Jeśli nacjonalizm czyni nas ubogimi, słabymi i niepewnymi moralnie, jak można twierdzić, że jest patriotyczny? Utrzymuję, że nacjonaliści są niepatriotyczni
- powiedział Timmermans. Prawdziwy patriota - kontynuował wiceszef KE - jest dumny ze swojego państwa, chce, żeby było silne, pokojowe, dostatnie i oparte na wartościach.

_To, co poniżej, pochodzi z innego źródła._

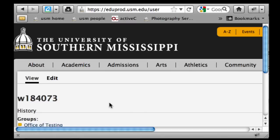In this video we're going to talk about logging in and managing members. We're going to be working off the live or production server and the URL for that is eduprod.usm.edu/user.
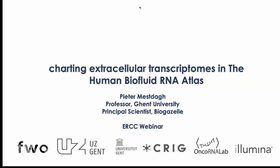He has developed the Human Biofluid RNA Atlas, and we're very much looking forward to hearing the details about that. It's sort of complementary to the ERCC's XRNA Atlas. Dr. Mestach will also be speaking at our workshop coming up in a few weeks. If you go to xrna.org/workshop, you can read all about that. It's a workshop on xrna data analysis, so please check that out.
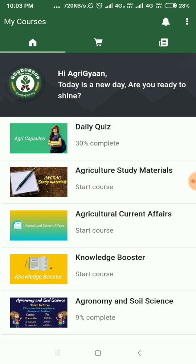So this comes to the end of my video today, where I discussed the features of our newly launched AgriGyaan app on the Android platform. You can download it, buy the Agronomy and Soil Science course, and experience all the wonderful features. There is a link given in the description below, so download and have fun.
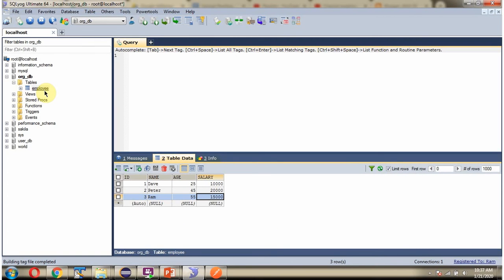Here you can see the employee table and it has three records. We will see how to get all these three records.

Aby to osiągnąć, prawdziwy patriota wie, że potrzebuje jedności, chce otwartości, pragnie współpracy z innymi, widzi siłę w kompromisie, rozmowie i zgodzie
- wyliczał Timmermans. W konkluzji stwierdził, że bycie patriotą to bycie Europejczykiem, a bycie Europejczykiem to bycie patriotą.
Przypominając o ofiarach obu wojen światowych, a także obecnych wyzwaniach, jakie stoją przed Europą, takich jak ekstremizm czy terroryzm, przestrzegał przed uleganiem strachowi czy nienawiści.
Niespełna trzyminutowy film, na którym obok zdjęć z francusko-niemieckiego cmentarza wojskowego z I wojny światowej i centrum upamiętniającego ofiary Holokaustu znalazły się zdjęcia współczesnych zasieków na granicach, uchodźców czy młodych ludzi z połączonymi flagami tęczową oraz UE, został zamieszczony na stronach KE.
Today we commemorate the Europe-Wide Day of Remembrance for the victims of all totalitarian and authoritarian regimes. @TimmermansEU: pic.twitter.com/zBmGohaXGH
— European Commission (@EU_Commission) 23 sierpnia 2017
Kontrowersyjna wypowiedź Timmermansa spotkała się z żywą reakcją internautów. Niektórzy z nich nawiązywali do rzekomej słabości szefa KE.
Czytaj więcej: Oficjalny komunikat brzmi, że Juncker był zmęczony. Media piszą o kłopocie alkoholowym
Czy oni tam wszyscy mają aż takie doświadczenia z alkoholem ??? pic.twitter.com/POENJVihH6
— Ryszard Czarnecki (@r_czarnecki) 23 sierpnia 2017
Timmermans: Nacjonalizm jest jak alkoholizm. To chyba początek wojny z Junckerem, skoro został zrównany z okropnymi nacjonalistami :)))
— Marek Siudaj (@MSiudaj) 23 sierpnia 2017
We wspólnym pisemnym oświadczeniu Timmermans i komisarz ds. sprawiedliwości Viera Jourova przypomnieli o podpisaniu przez nazistowskie Niemcy oraz Związek Radziecki 23 sierpnia 1939 r. paktu Ribbentrop-Mołotow. Jak wskazali, stanowił on początek jednego z najczarniejszych okresów w najnowszej historii naszego kontynentu.
Podpisany 78 lat temu pakt Ribbentrop-Mołotow przyniósł śmierć milionów ludzi.Dziś czcimy pamięć ofiar zbrodniczych reżimów XXw. #23sierpnia pic.twitter.com/8lOwhoxZs1
— Sejm RP (@KancelariaSejmu) 23 sierpnia 2017
23 sierpnia 1939 r. minister spraw zagranicznych III Rzeszy Joachim von Ribbentrop oraz ludowy komisarz spraw zagranicznych ZSRR Wiaczesław Mołotow podpisali w Moskwie w obecności Stalina sowiecko-niemiecki pakt o nieagresji wraz z tajnym protokołem dodatkowym. Jego konsekwencją był czwarty rozbiór Polski.